При рассмотрении причин снятия рижской осады надо принимать
во внимание, что политическая причина войны – опасность польско-шведской унии –
давно миновала, и Государев поход уже в июле 1656 г . превратился в
грандиозную демонстрацию силы, на фоне которой велись активные переговоры с поляками,
Бранденбургом, Курляндией, Данией и т. п. В этих условиях провал штурма или
затяжная осада были гораздо опаснее для престижа русского государя, чем
спокойное своевременное отступление. Представляется, что отказ от решительного
штурма Риги произошёл в царской ставке 12 – 14 сентября 1656 г . после прохода в
крепость морским путём шведских подкреплений. Слухи о появлении в Риге чумы могли
окончательно снять вопрос о немедленной атаке крепости с повестки дня,
поскольку при её успехе победители превращались в неизбежных жертв «морового
поветрия».
Необходимо принимать во внимание характер Алексея
Михайловича как полководца: в ратном деле он никогда не шёл на авантюрные шаги,
и в случае неуверенности в успехе решительных действий, вроде штурма крепости,
предпочитал сберечь своих ратников и действовать другими методами. По-видимому,
решение о полном снятии осады произошло несколько позже, чем отказ от штурма
крепости, и было связано с неудачей переговоров с рижанами о добровольной
капитуляции: расчёты на помощь в этом вопросе курляндского герцога и
бранденбургского курфюрста оказались напрасными. Тем не менее, военные
распоряжения по окончании похода говорят о возможном повторении атаки Риги, в
случае более благоприятных обстоятельств.

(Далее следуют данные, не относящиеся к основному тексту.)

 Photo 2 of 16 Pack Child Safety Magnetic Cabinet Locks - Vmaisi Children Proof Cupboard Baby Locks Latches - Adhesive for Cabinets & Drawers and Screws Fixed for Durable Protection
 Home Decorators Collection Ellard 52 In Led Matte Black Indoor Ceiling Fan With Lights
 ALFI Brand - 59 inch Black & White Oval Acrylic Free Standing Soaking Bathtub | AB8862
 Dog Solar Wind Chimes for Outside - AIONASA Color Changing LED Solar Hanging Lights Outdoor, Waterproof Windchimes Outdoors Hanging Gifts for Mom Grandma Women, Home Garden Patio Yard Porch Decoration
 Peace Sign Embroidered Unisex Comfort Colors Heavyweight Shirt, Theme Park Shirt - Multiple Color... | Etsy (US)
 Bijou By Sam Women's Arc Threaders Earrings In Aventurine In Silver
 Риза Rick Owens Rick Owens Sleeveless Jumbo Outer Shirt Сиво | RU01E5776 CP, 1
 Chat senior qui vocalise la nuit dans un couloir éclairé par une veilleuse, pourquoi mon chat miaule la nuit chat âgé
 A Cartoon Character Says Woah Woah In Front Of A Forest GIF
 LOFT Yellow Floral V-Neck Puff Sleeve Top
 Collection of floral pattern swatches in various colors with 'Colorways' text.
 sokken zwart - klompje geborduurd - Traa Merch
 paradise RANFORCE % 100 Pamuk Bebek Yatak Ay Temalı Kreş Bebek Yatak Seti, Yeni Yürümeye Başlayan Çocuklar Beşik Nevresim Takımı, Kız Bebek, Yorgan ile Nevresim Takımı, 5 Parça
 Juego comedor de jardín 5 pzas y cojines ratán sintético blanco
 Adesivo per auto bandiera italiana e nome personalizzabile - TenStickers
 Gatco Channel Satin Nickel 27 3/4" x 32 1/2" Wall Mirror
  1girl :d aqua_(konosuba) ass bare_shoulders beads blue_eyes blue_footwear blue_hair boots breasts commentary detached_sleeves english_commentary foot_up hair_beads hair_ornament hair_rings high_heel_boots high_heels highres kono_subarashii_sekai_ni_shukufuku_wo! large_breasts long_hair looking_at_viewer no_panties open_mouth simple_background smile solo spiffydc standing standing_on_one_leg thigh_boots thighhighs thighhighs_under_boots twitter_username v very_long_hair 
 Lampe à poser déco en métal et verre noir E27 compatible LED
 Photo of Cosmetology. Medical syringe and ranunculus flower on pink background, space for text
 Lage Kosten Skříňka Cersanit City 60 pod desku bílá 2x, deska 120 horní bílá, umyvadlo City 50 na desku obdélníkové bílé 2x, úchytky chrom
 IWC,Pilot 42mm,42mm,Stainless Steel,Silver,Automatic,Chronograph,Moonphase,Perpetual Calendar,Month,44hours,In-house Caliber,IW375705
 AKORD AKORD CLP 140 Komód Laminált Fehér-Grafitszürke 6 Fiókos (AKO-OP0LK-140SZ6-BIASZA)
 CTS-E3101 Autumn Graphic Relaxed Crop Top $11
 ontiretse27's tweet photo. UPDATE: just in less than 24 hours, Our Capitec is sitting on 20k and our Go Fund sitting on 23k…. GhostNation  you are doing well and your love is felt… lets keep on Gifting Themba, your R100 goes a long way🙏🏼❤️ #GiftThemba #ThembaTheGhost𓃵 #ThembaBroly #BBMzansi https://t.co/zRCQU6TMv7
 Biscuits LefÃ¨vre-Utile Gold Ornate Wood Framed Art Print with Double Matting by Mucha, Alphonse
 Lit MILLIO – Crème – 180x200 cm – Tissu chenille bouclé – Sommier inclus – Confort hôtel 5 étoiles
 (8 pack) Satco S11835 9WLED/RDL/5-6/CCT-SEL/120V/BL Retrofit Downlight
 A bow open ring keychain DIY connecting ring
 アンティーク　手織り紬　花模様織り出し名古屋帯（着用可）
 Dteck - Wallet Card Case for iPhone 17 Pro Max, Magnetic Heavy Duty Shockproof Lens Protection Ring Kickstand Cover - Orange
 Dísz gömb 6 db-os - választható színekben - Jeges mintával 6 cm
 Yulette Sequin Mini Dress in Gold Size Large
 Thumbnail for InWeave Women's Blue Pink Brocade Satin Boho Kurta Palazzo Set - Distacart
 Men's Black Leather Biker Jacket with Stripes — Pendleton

Последним тезисом историографии Третьего государева
похода 1656 г., вызывающим обоснованные сомнения, является утверждении о его
полной неудаче, «провале», вызвавшем якобы у царя исключительно тяжёлое
впечатление. Как ни странно, документы свидетельствуют о поистине триумфальном
возвращении царя в свои «государевы отчины» (Полоцк, Смоленск и Москву), вполне
приличном после успешного ратного похода. Действительно, овладение почти всем
течением Западной Двины, включая Динабург и Кокенгаузен, открывало для царской
армии уже упомянутую коммуникационную линию для выхода в Прибалтику: не
случайно царский походный шатёр, оставленный в Борисоглебове (Динабург),
хранился там до 1666 года. Приближаясь к Полоцку и в самом городе, Алексей
Михайлович получил известия о взятии кн. Трубецким «государевой отчины» города
Юрьева Ливонского (Дерпт) и успешном завершении Виленских переговоров с
польскими сенаторами. Объявление об «обирании» русского царя на польский
королевский престол стало поистине триумфальным итогом всех трёх государевых
походов, что торжественно засвидетельствовали речи полоцкого епископа в храме
святой Софии и поэтические вирши Симеона Полоцкого, представленного тогда
Государю. В ноябре 1656 г. Алексей Михайлович устраивал пышные пиры с полоцкой
шляхтой, полоцкими мещанами, смоленской шляхтой, жалуя милостями своих новых
подданных в великом княжестве Литовском. Не были забыты и ратники самого
«мелкого чина», горячо любимые русским царём: из ветеранов государевых походов
началось создание новой гвардии – Московского выборного полка солдатского
строя.
Отмеченные в докладе проблемы свидетельствуют об
остром несоответствии старых постулатов отечественной историографии новым
архивным наработкам, прежде всего в военно-исторической области. Всё это делает
насущным скорейшую разработку и публикацию полноценного монографического
исследования по Рижскому походу царя Алексея Михайловича 1656 года.